Repeat the listing that follows, character for character, minus the pictures.

- Source material
▬▬▬▬▬▬▬▬▬▬

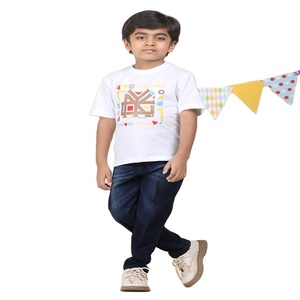 Smart Look 100% coton dans différentes méthodes d'impression et matériaux T-shirt à col rond pour garçon en stock à vendre - Product Image 3
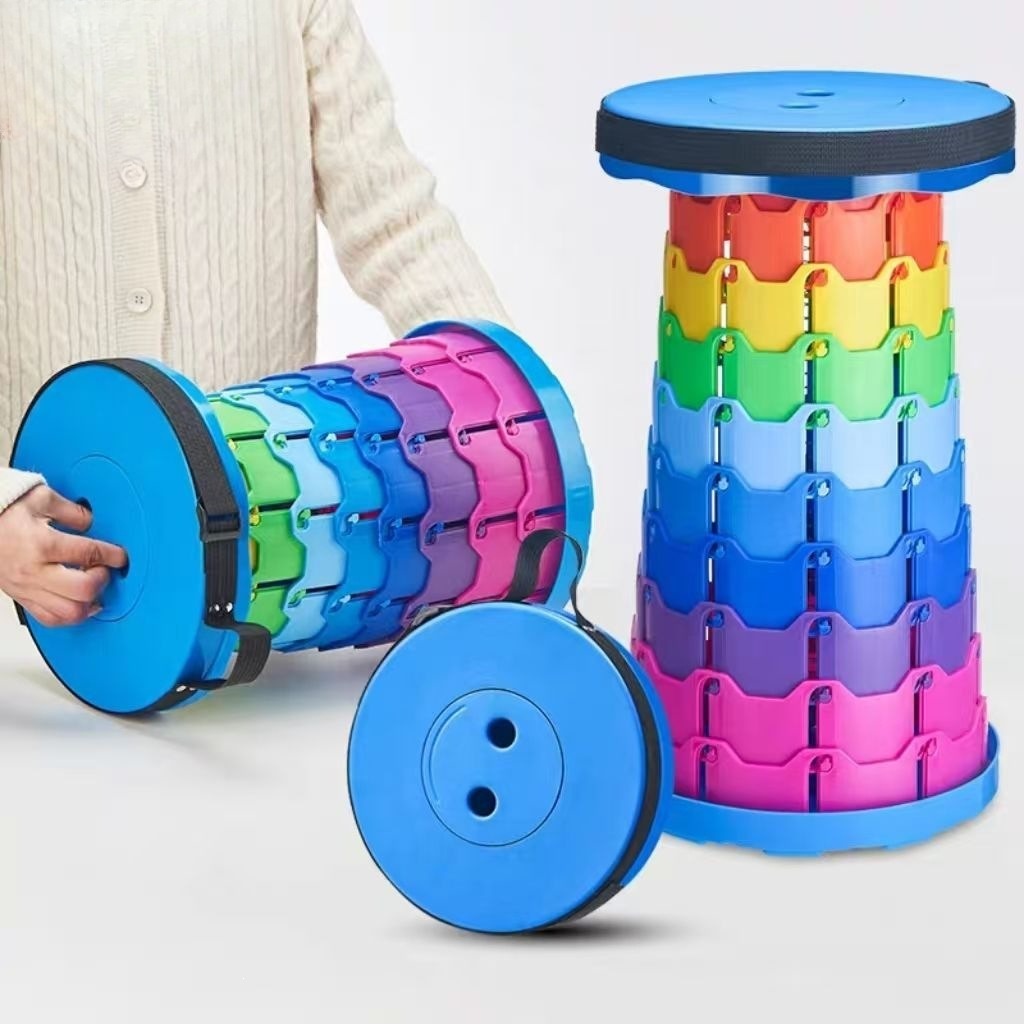 Outdoor Adventurer - Regenboog Telescopische Campingkruk Draagbaar Verdikt Opklapbaar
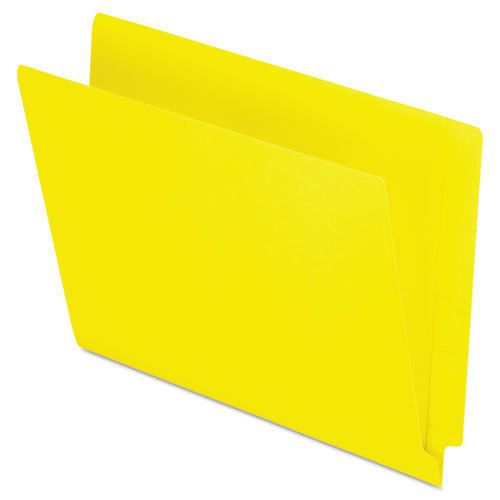 Reinforced End Tab Folders, Two Ply Tab, Letter, Yellow, 100/Box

▬▬▬▬▬▬▬▬▬▬

- The answer
 Smart Look 100% coton dans différentes méthodes d'impression et matériaux T-shirt à col rond pour garçon en stock à vendre - Product Image 3
 Outdoor Adventurer - Regenboog Telescopische Campingkruk Draagbaar Verdikt Opklapbaar
 Reinforced End Tab Folders, Two Ply Tab, Letter, Yellow, 100/Box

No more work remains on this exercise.